It's my understanding that the dart is the optimized fighter's weapon of choice. In a traditional Advanced Dungeons and Dragons, 2nd Edition campaign that's run as much as it can be by the rules-as-written, is the dart really as effective as some claim, or is the dart only effective theoretically, requiring, for instance, several unlikely-to-be-rolled-legitimately ability scores, a liberal reading of the rules for drawing them and closing to melee range, a specific magic item or suite of magic items that the player would hope the DM would provide, or a combination of these and more?
Campaigns in which I participated didn't allow access to the Player's Option line of books, so was real ultimate dart power further enabled by those texts?
Illustrating the dart's effectiveness—or ineffectiveness—with an experience from an encounter from a published module would be especially welcome.
Note: I was recently reminded again of this apparent rules quirk by comments on an answer to this question.
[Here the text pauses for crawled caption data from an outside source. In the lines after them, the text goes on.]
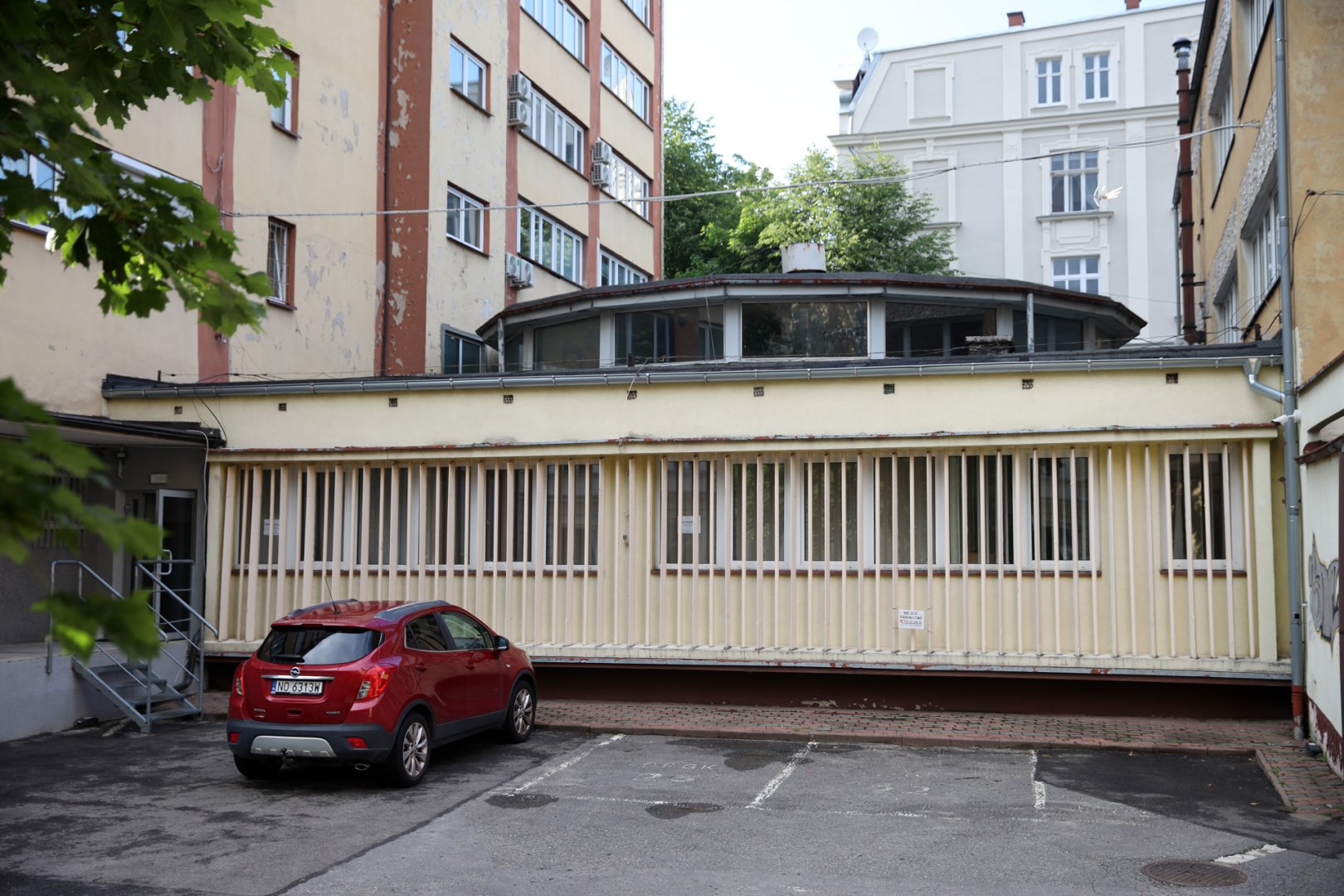 Olsztyńska rotunda na sprzedaż. Tajemniczy budynek schowany jest za wieżowcem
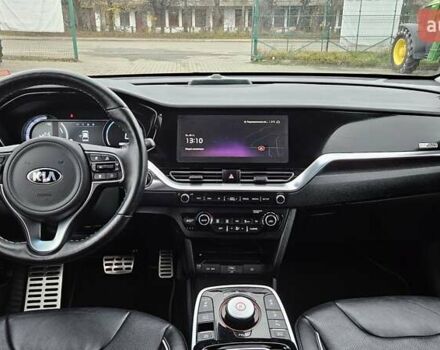 Кіа Niro, об'ємом двигуна 0 л та пробігом 133 тис. км за 19950 $, фото 31 на Automoto.ua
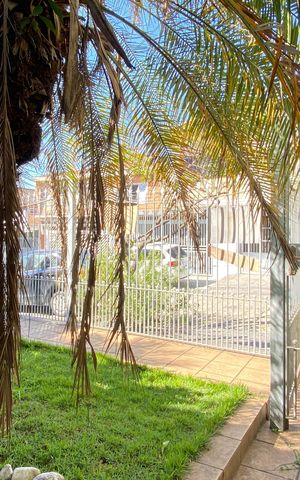Casa à venda com 250m², 4 quartos e 2 vagas Casa à venda com 250m², 4 quartos e 2 vagasGaragem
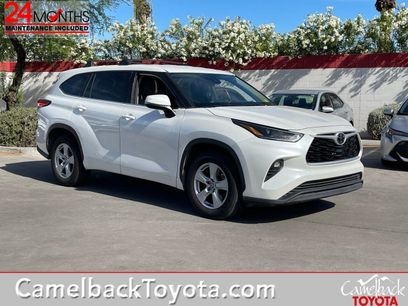 Used 2021 Toyota Highlander LE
In Advanced Dungeons and Dragons, 2nd Edition I played wizards almost exclusively and, honestly, never bothered learning that much about the blood and fury of 2e weapon-based combat. In fact, in the longest-running campaign in which I participated, the other PCs were a paladin and a psion, neither of whom were dart-powered. Thus I never even saw an optimized 2e fighter, but the Internet seems to agree—like here, here, and here—that the lowly dart was his primary weapon.